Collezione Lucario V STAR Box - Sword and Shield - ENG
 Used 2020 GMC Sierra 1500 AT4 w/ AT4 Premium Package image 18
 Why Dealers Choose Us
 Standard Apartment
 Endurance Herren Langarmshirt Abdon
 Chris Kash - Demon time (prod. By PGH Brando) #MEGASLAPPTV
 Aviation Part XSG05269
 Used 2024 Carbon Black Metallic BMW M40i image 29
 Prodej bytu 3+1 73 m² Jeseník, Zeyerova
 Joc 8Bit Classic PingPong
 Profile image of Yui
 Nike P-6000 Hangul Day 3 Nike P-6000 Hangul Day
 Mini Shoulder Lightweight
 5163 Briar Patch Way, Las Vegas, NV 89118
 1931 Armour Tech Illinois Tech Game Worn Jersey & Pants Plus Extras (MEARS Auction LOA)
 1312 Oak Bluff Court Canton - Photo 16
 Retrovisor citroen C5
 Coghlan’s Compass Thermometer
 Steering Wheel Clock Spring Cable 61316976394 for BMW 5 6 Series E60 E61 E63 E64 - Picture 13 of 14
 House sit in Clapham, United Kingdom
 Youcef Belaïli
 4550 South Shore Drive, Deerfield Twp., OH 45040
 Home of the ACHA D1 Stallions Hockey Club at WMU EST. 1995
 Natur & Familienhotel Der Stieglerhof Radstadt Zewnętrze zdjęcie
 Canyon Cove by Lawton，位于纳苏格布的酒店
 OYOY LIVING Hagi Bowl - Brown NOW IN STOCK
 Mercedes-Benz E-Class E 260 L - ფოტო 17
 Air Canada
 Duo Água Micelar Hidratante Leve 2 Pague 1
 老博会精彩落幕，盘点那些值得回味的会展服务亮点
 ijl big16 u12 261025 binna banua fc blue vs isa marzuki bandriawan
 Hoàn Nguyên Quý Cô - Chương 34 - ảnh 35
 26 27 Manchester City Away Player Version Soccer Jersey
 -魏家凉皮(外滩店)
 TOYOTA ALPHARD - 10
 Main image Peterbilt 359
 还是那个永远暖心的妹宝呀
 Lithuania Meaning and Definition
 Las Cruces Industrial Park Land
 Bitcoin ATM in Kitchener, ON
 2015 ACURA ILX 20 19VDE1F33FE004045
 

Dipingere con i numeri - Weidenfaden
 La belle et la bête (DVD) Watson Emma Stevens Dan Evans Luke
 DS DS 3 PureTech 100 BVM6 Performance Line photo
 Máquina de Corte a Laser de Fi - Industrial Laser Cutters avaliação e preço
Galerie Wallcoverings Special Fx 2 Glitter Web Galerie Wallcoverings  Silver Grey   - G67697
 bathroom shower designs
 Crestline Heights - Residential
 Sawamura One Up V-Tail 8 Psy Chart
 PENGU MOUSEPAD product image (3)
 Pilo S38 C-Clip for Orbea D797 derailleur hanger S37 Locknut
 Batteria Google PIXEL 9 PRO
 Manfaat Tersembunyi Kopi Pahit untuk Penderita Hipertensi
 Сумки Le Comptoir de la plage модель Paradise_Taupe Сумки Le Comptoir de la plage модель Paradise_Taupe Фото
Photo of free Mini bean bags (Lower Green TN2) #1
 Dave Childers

══════════

*YOUR TASK*
This task calls for each line of the material that contains "Industrial".

*FINISHED EXERCISE*
 Las Cruces Industrial Park Land
 Máquina de Corte a Laser de Fi - Industrial Laser Cutters avaliação e preço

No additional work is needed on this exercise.